CHP Grup Başkanı Ali Mahir Başarır yaşananlara tepki göstererek, “Depremzedenin eşi kamera karşısına geçirilip özür dilemek zorunda bırakılıyorsa, konteyneri çadırdan üstün tutan, hakkını aramayı suç sayan bu korku düzeninize lanet olsun” demiş.
Başarır’ın tepkisi haklı bir tepki. Ancak yaşanan olayda benim için en dikkat sözü devlet büyüklerinden özür dileyen depremzede kadının kocası sarfetmiş: “Devletin işi başından aşkın.” Devletin onca işi arasında depremzede ile uğraşacak zamanının olmadığını söylemiş.

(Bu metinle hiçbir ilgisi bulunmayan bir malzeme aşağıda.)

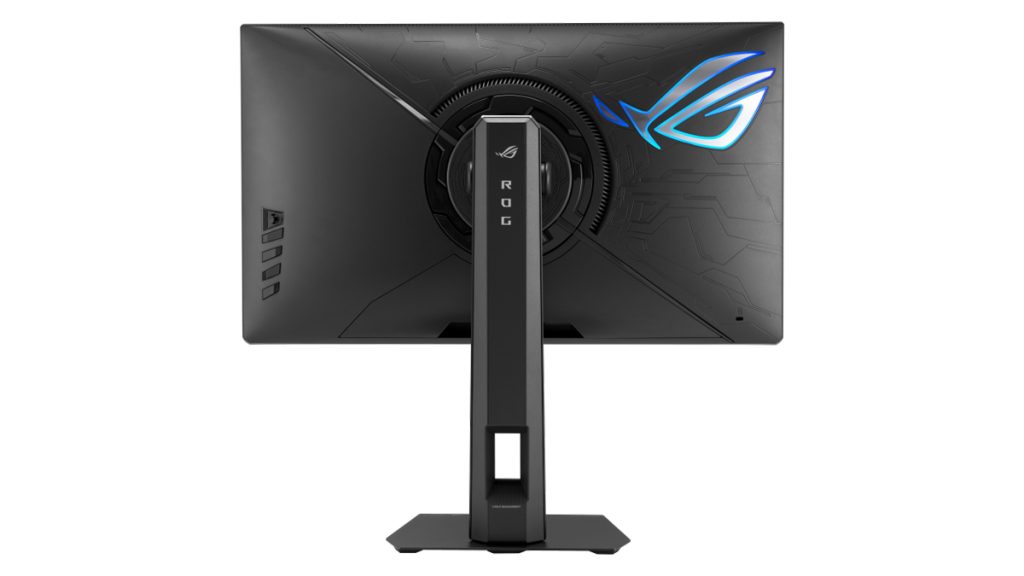 Игровой монитор ASUS ROG STRIX XG259QNGR ACE с RGB-подсветкой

Dikkat çekici olan bir başka husus da, çekilen sıkıntıların, yaşanan sorunların sözcülüğünü kadınların üstlenmiş olmaları. Devletin en üst yetkilisine çekinmeden sorunlarını dile getiren bir kadın. Onun adına özür dilemeye zorlanan da bir koca. Benzer bir tablo hafta sonunda Halk TV’de Serhan Asker’in “Görkemli Hatıralar” programında yaşandı. Asker, Adıyaman (Gölbaşı) ve Hatay’da büyük depremden iki yıl sonra yaşanan içler acısı sorunları yansıttı. Yüz binlerce yaslı vatandaş hâlâ konteynerlerde yaşıyor. Yasını bile yaşayamıyor… Deprem bölgesinde toz duman insanları esir almış. Sorunları “Görkemli Hatıralar”da dile getirenler de ağırlıklı olarak kadınlar. Kimselerden korkmadan, çekinmeden sorunlarını tek tek sıralıyorlar.

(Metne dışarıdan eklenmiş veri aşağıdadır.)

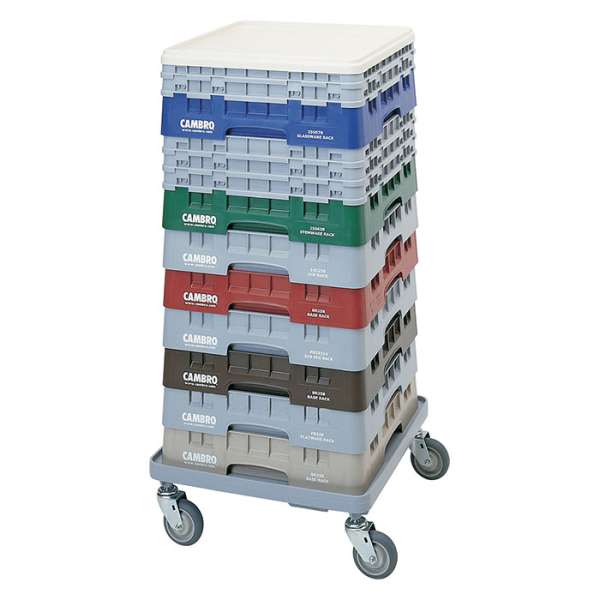 Тележка для кассет Cambro CDR2020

Malatya’da karısı adına özür dilemeye zorlanan kocayı görünce yandaş kanallar, Adıyamanlı, Hataylı kocaları kameralar karşısına dikip eşleri adına devlet büyüklerinden özür diletip “Konteynerlerde rahatımız çok şükür yerinde. Devletimizin işi başından aşkın, bir de bizimle mi uğraşacaklar” diye konuşmaya zorlarlar mı diye düşünmedim değil.

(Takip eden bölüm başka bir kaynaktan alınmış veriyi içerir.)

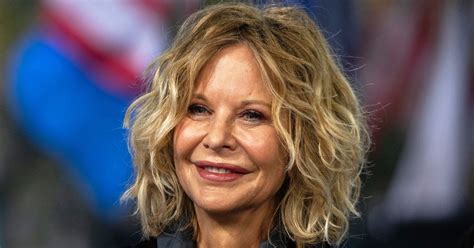 Meg Ryan Today: Surprising Updates You Won't Believe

Şu bir gerçek: Malatyalı kocanın sözlerinin gerisinde AKP’nin 23 yıldır iktidarda kalmasının sırrı yatmakta. Ülkemizde az eğitimli, dar gelirli, dış dünyaya kapalı vatandaşlarımızın önemli bir bölümü yaşadığı sorunların sorumlusu olarak gönülden bağlandığı Erdoğan’ı görmemekte. Hayat pahalılığının, işsizliğin, yoksulluğun vb. sorumlusunun AKP iktidarının yanlış politikaları olduğunu kabul etmemekte ve “Devletin işi başından aşkın, bu işlerle mi uğraşacak” anlayışına sahip olmakta. Deprem bölgelerinde yaşanan onca soruna rağmen, siyasal iktidarın bu yörelerde vatandaşın gönlüne taht kurması da bu anlayışın göstergesi.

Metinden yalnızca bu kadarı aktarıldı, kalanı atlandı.